Now, if you are concerned, any many are, about the development on the Indian subcontinent, just imagine what would happen if Iran detonates a nuclear device. I think the whole map of the Middle East changes immediately, and peace treaties that we have signed, and I believe will sign with our Arab neighbors will be put in jeopardy, and indeed millions of fundamentalists would be emboldened for renewed terrorism under this canopy, this nuclear canopy of the fundamentalist Islamic state. I think that is the greatest danger and Iran must be prevented from acquiring atomic weapons.

MR. BLITZER: All right, Mr. Prime Minister, we have a caller from Boca Raton, Florida. Please go ahead with your question for Prime Minister Netanyahu.

CALLER: Hello, Mr. Prime Minister. Do you think that the Palestinian protests this week in the West Bank, marking what the Palestinians call the great catastrophe, marking the creation of the state of Israel, is reason to believe that we have really lost our direction in terms of priorities with regard to the peace process — i.e., that there are things that need to happen within the Palestinian community before we’d go and give land back to them?

PRIME MIN. NETANYAHU: The answer is yes. I think things have to change. They are not only in the physical fight against terrorism, but in the moral education that the Palestinian leadership has to impart to its population. You talk about these riots recently — the last two days — first of all, they resulted in a tragic loss of lives, and that every time somebody dies — it doesn’t make any difference if they’re Palestinians or Israelis — that is a cause for pain and grief. But you have to ask yourself what were these riots about. They were not about percentage — this or that percentage of Israeli withdrawal. They were officially organized violent demonstrations organized by the Palestinian Authority to commemorate the disaster as they call it of the founding of the State of Israel. In other words, they were opposed to the existence of Israel in any size. And that’s why the other aspect of Palestinian compliance that we insist on is that they live up to their promise to stop this kind of incitement or the provocative propaganda that results in bloodshed, and indeed to convene their governing body, the Palestinian National Council, and revoke the charter that says that Israel has to be eliminated. These are as important complements to peace as fighting terrorism.

MR. BLITZER: Mr. Prime Minister, we only have a few seconds left.
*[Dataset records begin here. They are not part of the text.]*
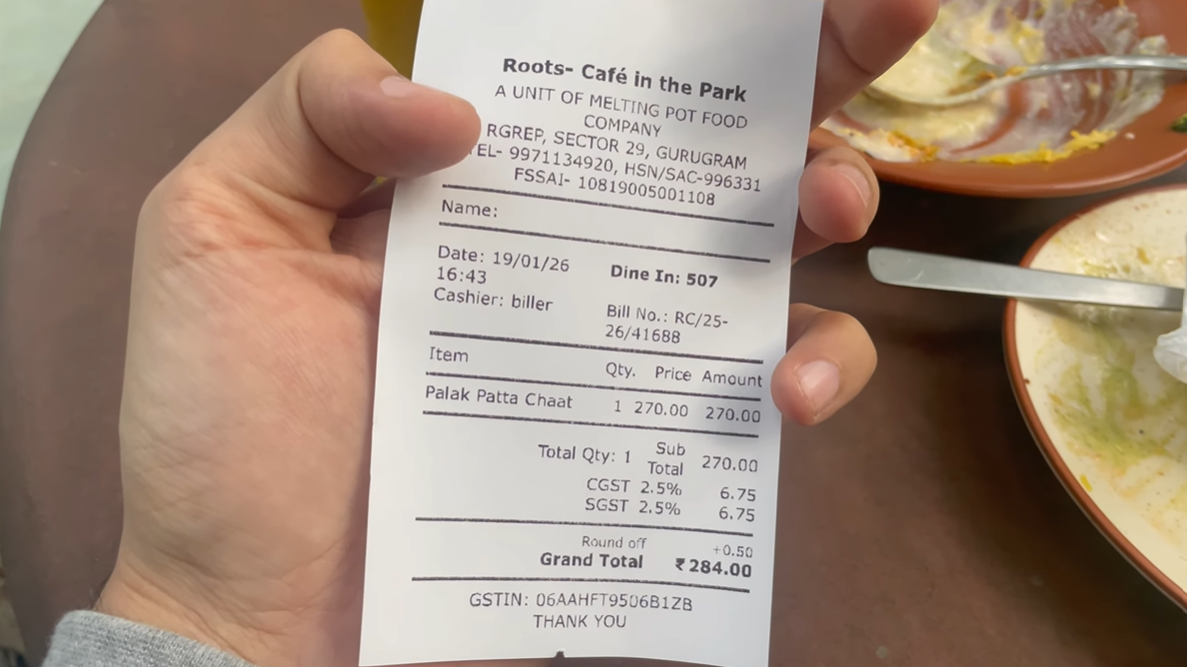 Roots Cafe Gurgaon receipt showing ₹284 total for Palak Patta Chaat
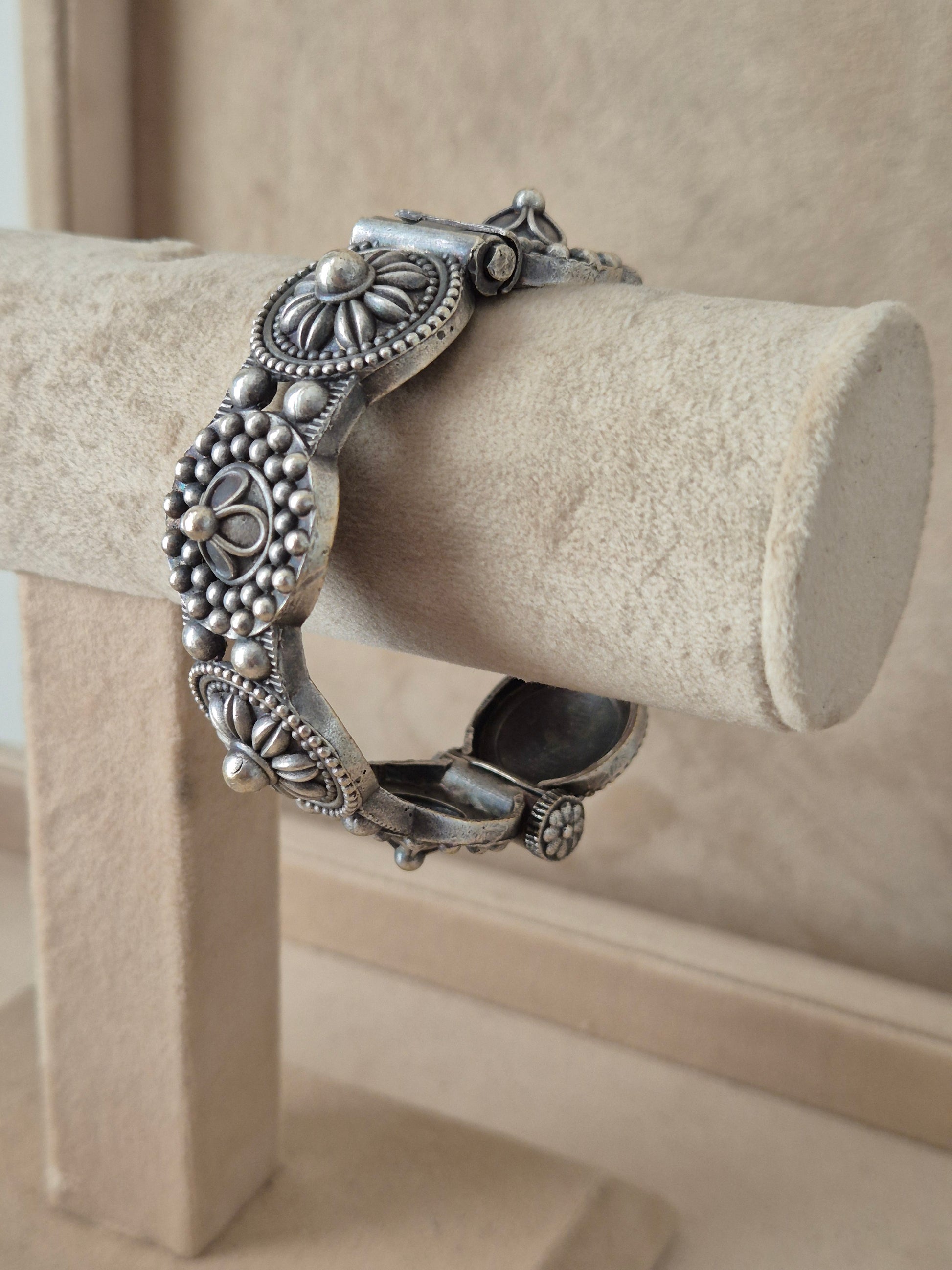 Silver bracelet Detailed antique silver oxidized bangle with an engraved floral motif by naitri.in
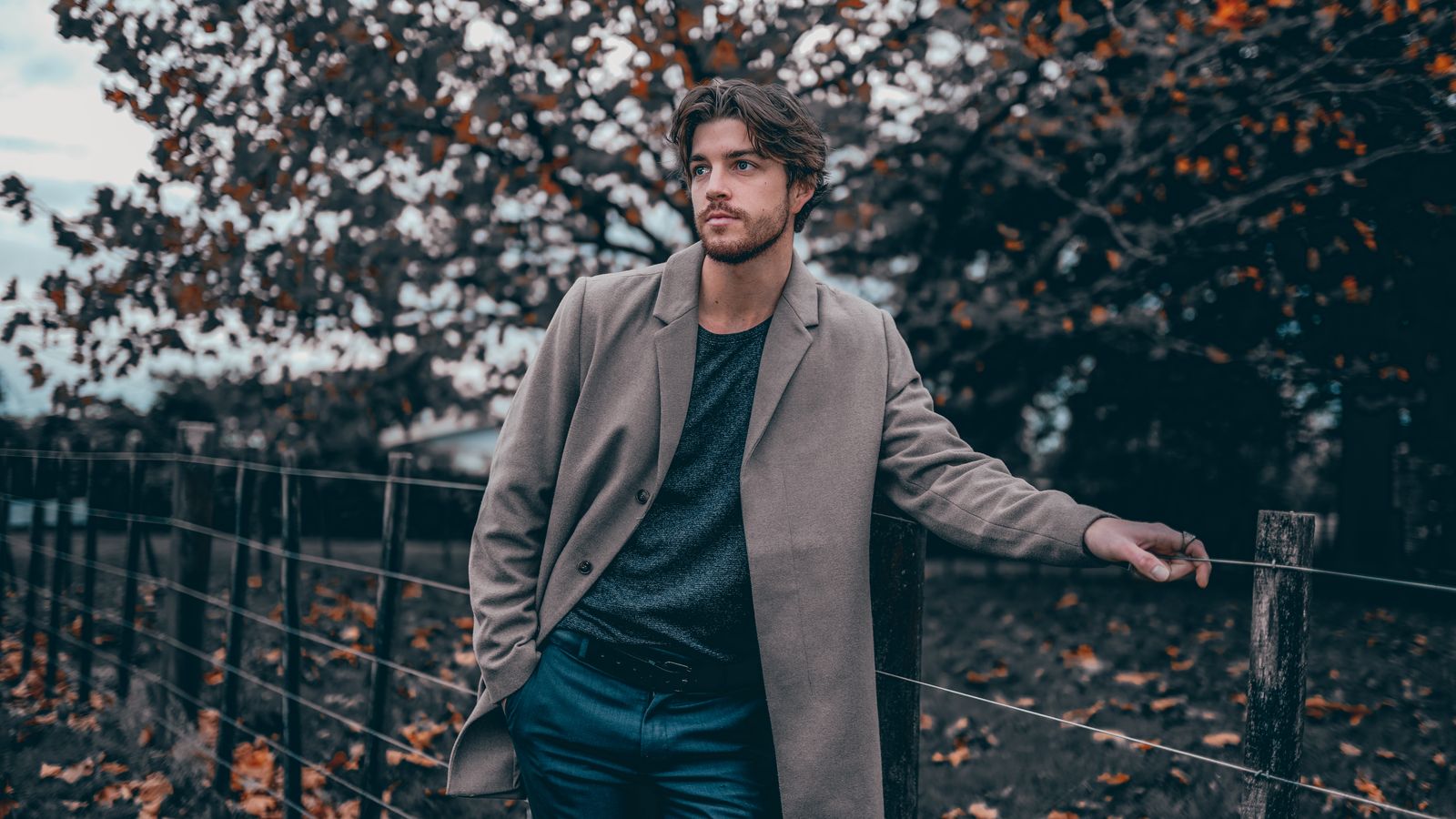 Man in a gray coat leaning on a fence in a fall setting with vibrant leaves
Why did your government admit this week that Jonathan Jay Pollard was in fact an Israeli spy operating in the United States?

PRIME MIN. NETANYAHU: Because he was.

MR. BLITZER: And what do you hope to achieve by admitting that?

PRIME MIN. NETANYAHU: Let me make it clear here. Pollard did a bad thing. Spying on the United States, even if it was intended not to hurt the United States but assist Israel, is a bad thing. Our government does not do that. We’ve made it very clear that this will never happen again. Jonathan Pollard served a term, a very long term. He’s now been 12 years in jail in very difficult terms of confinement, and I think he’s served actually tougher sentences and tougher terms than for example some of the agents of the Soviet Union who were spying against the United States specifically. So there is no question that he did the wrong thing. There is no question that the officials in the Israeli government who directed him, whether authorized or not, did a bad thing. He served his time. And simply on the humanitarian basis and nothing else we would like to see him released and allowed to go to Israel.

MR. BLITZER: Okay, Mr. Prime Minister, it was kind of you to join us from New York. Thanks so much for being on Late Edition.

PRIME MIN. NETANYAHU: Thank you very much.